Explaining Steenkamp's hand injury, he theorised that a bullet could have gone through the webbing of her raised hand and into the wall, followed by another bullet hitting her in the head.

“Is your evidence that the accused fired rapidly?” asked Nel. Wolmarans said that the possibility was that the bullets were fired quickly to have caused these wounds.

He said he'd not asked Pistorius about how he'd fired. Wolmarans said he believed that the blood on the magazine rack was from Steenkamp's arm wound and that she would have been able to end up leaning against the toilet bowl after the shots were fired.

He said that it was likely the rack was against the back wall during the shooting, which directly contradicted Pistorius' version that the rack was against the wall opposite the toilet.

Nel pointed out that Pistorius' version was therefore incorrect.

The prosecutor then said that body tissue against the back wall also must have come from Steenkamp's head wound. But Wolmarans said that the arm wound could have spattered on to the wall as she fell. Nel argued that her arm was too close to the door in the defence's version to believe the exit wound spatter could have hit this wall.

Nel then moved on to the back abrasions found on Steenkamp. Earlier, Wolmarans said this must have been caused by her hitting the rack, but the state believed that a bullet fragment probably caused them.
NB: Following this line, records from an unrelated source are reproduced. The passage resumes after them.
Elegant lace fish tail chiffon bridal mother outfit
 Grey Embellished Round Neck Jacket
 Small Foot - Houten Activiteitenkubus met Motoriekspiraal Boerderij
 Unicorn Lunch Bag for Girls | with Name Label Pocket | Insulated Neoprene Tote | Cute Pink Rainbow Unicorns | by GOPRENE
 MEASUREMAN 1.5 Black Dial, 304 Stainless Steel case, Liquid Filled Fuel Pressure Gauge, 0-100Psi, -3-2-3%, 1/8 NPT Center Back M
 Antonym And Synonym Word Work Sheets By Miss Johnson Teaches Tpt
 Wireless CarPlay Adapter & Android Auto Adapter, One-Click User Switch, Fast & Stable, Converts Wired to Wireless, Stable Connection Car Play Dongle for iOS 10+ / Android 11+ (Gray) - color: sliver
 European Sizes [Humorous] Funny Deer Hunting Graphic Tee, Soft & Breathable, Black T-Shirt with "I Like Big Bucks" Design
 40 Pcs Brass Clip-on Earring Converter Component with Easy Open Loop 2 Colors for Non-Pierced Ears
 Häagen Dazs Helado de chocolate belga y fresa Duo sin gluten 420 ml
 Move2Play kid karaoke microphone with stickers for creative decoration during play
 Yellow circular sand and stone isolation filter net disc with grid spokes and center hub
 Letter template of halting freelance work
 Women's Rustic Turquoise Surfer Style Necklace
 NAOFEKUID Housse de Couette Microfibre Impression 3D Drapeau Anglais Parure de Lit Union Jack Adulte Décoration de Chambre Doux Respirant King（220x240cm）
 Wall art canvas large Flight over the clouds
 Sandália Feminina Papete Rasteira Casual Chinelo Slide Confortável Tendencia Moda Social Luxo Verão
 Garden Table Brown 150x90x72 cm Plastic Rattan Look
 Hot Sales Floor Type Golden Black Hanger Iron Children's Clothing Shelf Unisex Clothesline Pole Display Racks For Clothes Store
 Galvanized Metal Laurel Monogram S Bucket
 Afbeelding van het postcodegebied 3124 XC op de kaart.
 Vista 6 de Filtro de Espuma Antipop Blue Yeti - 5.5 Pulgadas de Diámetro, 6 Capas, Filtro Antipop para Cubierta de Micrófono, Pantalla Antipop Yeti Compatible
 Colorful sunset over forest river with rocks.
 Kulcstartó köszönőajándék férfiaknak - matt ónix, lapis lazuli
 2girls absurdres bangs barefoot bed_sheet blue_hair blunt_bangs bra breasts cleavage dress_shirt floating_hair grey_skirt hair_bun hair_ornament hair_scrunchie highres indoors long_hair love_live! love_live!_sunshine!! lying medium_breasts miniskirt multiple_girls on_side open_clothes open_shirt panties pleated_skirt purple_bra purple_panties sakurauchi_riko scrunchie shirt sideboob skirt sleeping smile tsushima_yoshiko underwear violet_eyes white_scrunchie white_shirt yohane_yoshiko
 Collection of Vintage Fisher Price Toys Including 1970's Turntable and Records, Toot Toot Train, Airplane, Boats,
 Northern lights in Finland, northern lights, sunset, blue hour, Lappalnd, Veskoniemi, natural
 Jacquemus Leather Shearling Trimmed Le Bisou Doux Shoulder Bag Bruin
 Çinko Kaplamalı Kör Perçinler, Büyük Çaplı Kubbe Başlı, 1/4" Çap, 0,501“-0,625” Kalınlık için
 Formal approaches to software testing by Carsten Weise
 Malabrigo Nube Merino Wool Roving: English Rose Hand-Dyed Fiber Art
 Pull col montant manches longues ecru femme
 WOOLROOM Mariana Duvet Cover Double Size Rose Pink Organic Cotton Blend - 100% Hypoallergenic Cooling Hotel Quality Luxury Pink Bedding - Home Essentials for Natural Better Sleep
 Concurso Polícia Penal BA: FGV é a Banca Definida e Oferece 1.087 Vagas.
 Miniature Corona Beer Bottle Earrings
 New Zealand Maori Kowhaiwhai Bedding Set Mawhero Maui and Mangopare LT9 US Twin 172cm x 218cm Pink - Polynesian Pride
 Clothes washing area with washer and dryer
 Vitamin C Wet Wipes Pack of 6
Wolmarans was unable to say, however, which part of the rack could have caused these marks.

Nel showed the court an image of a bullet fragment found on the scene, as well as the small abrasions on Steenkamp's back. Nel said the striation marks of the wounds were an exact replica of the core fragment.

He said the right hand edge of the fragment was raised, and matched the one side of the marks.

Wolmarans denied the match, saying that the fragment would have created an uneven marking not seen on the bruise.

He said that if the magazine rack had caused the bruises, it was through the fabric of Steenkamp's vest.

But Wolmarans couldn't say if the vest fabric could have caused the striations.